What the exercise asks – Omit all pictures and transcribe only the lines in the entries below that run from the line with "EXCELENTE UBICACIÓN 🔑" through the line with "Used 2018 Audi".

Exercise input –
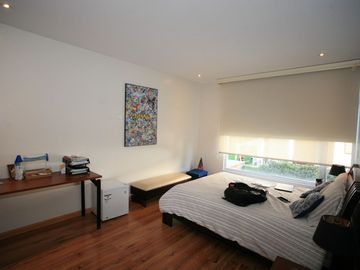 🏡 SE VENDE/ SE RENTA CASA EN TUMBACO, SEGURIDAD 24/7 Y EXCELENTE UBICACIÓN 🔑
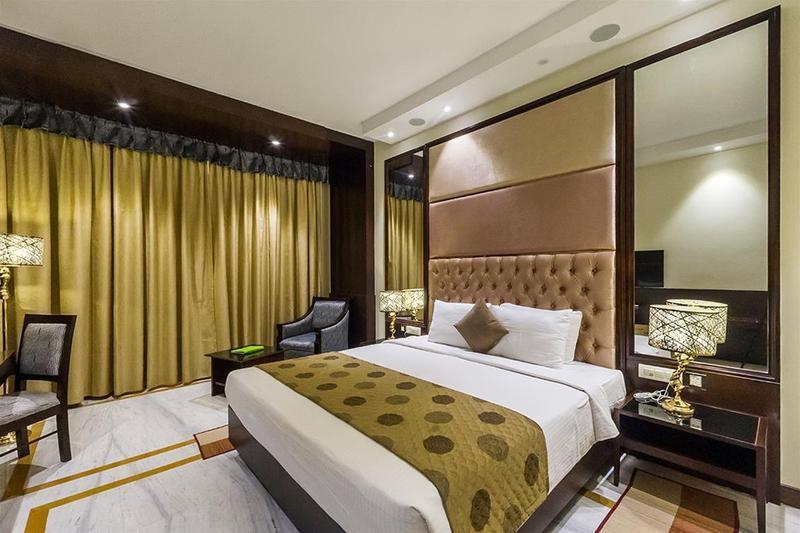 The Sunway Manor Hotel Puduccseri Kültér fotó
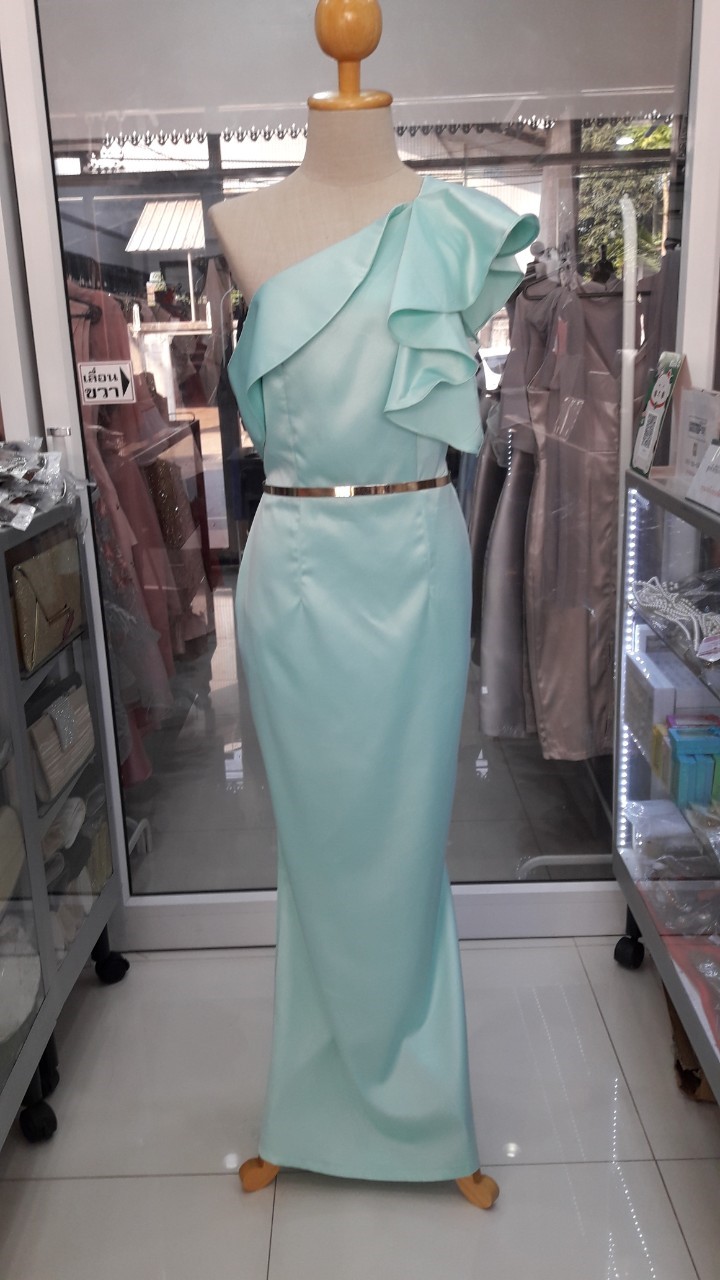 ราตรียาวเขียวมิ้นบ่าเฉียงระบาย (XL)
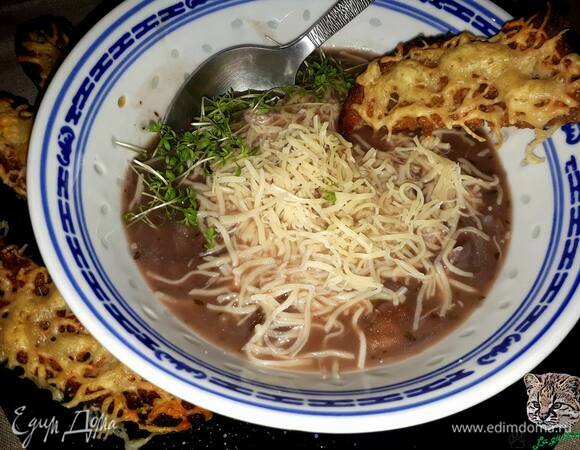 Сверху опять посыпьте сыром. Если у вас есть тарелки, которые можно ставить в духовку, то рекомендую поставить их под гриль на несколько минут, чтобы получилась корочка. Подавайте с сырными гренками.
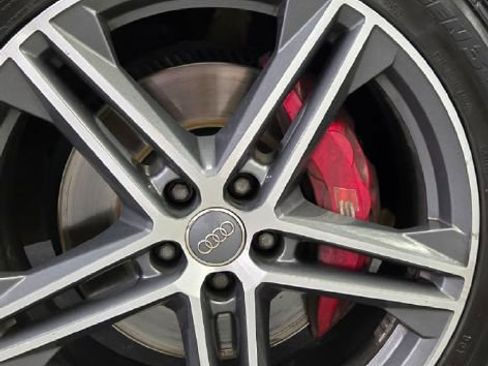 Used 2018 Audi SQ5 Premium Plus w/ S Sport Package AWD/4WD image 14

==

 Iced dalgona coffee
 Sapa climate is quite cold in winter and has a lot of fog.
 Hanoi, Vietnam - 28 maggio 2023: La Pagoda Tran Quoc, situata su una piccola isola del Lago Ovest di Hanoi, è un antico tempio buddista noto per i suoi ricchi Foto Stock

---

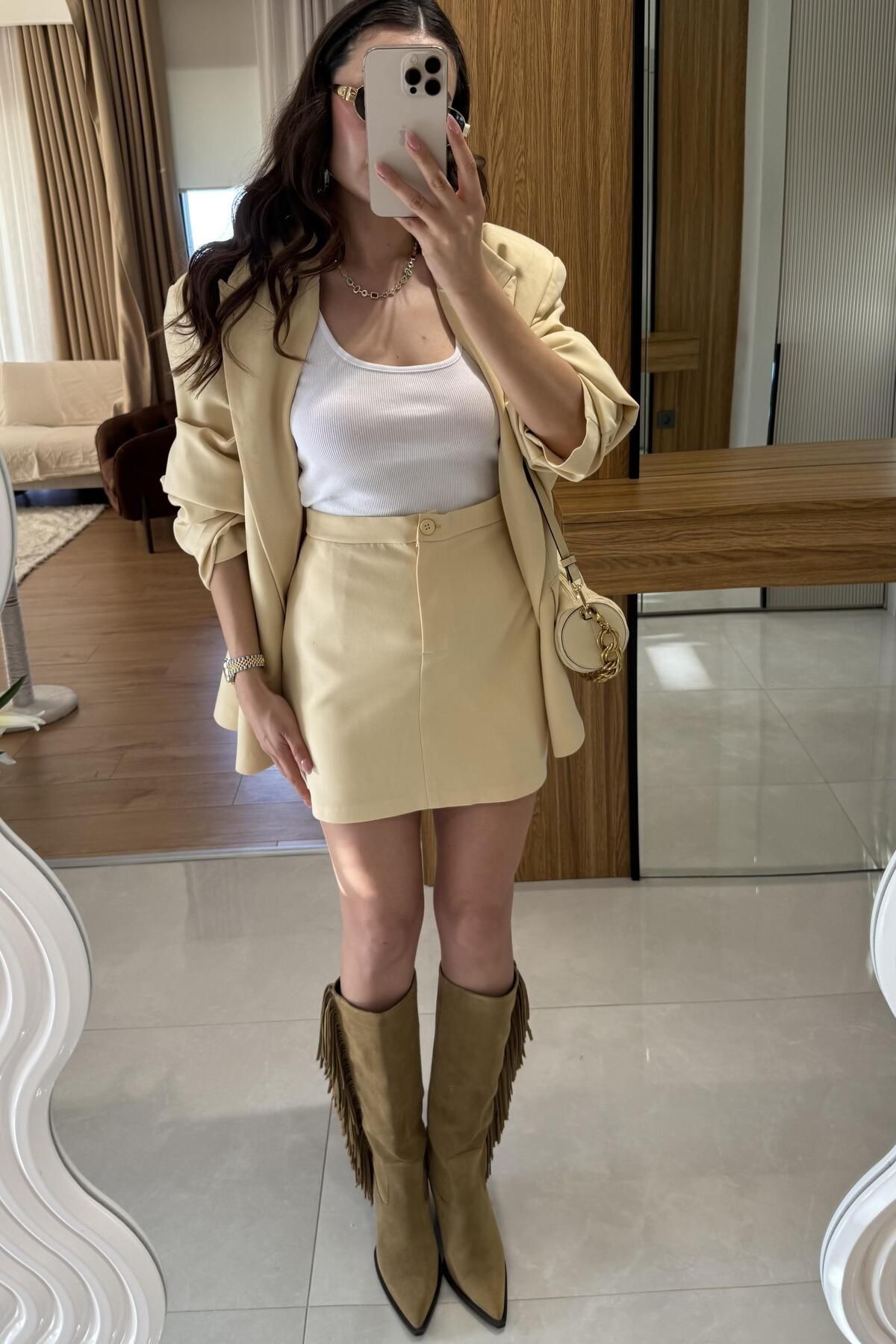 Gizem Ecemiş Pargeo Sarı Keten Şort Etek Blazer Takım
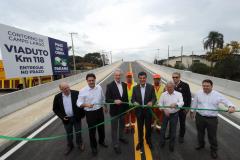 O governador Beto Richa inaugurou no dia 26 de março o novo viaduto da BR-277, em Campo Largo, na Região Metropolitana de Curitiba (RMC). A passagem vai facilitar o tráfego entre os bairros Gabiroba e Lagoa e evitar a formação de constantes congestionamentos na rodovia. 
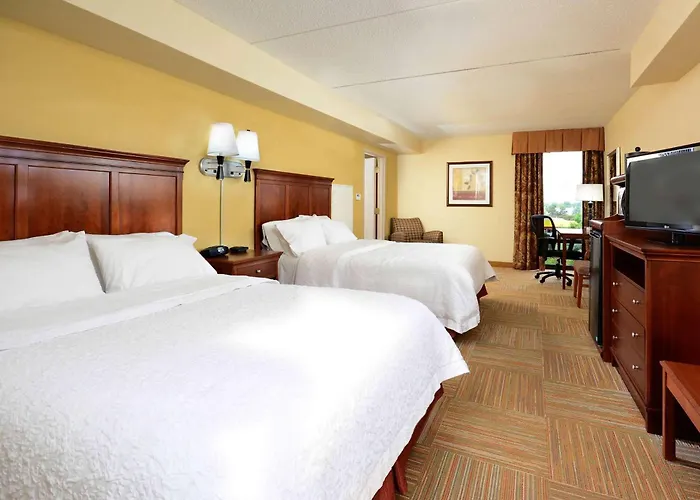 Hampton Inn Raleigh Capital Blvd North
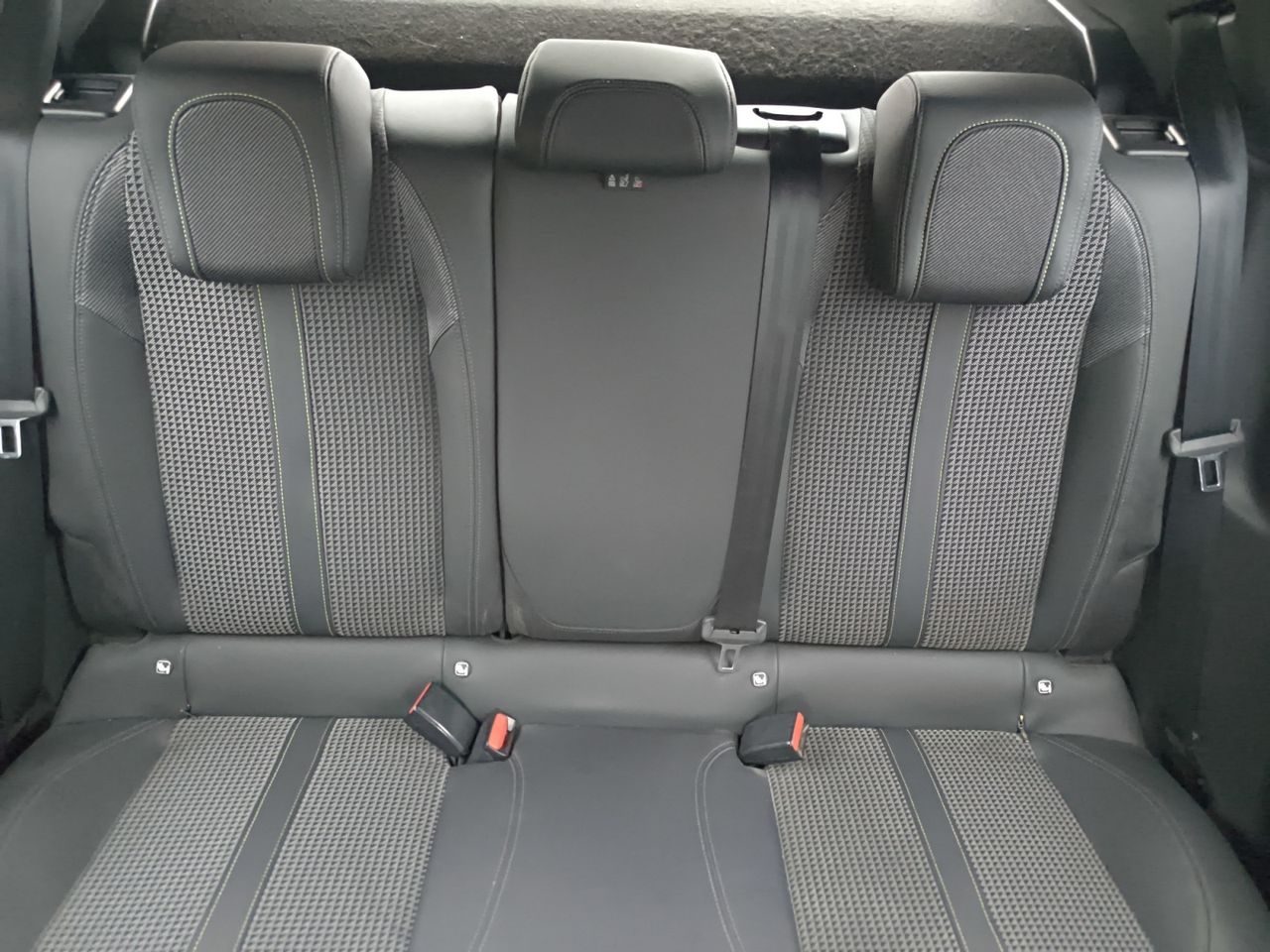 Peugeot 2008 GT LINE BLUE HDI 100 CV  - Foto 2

Response area –
 🏡 SE VENDE/ SE RENTA CASA EN TUMBACO, SEGURIDAD 24/7 Y EXCELENTE UBICACIÓN 🔑
 The Sunway Manor Hotel Puduccseri Kültér fotó
 ราตรียาวเขียวมิ้นบ่าเฉียงระบาย (XL)
 Сверху опять посыпьте сыром. Если у вас есть тарелки, которые можно ставить в духовку, то рекомендую поставить их под гриль на несколько минут, чтобы получилась корочка. Подавайте с сырными гренками.
 Used 2018 Audi SQ5 Premium Plus w/ S Sport Package AWD/4WD image 14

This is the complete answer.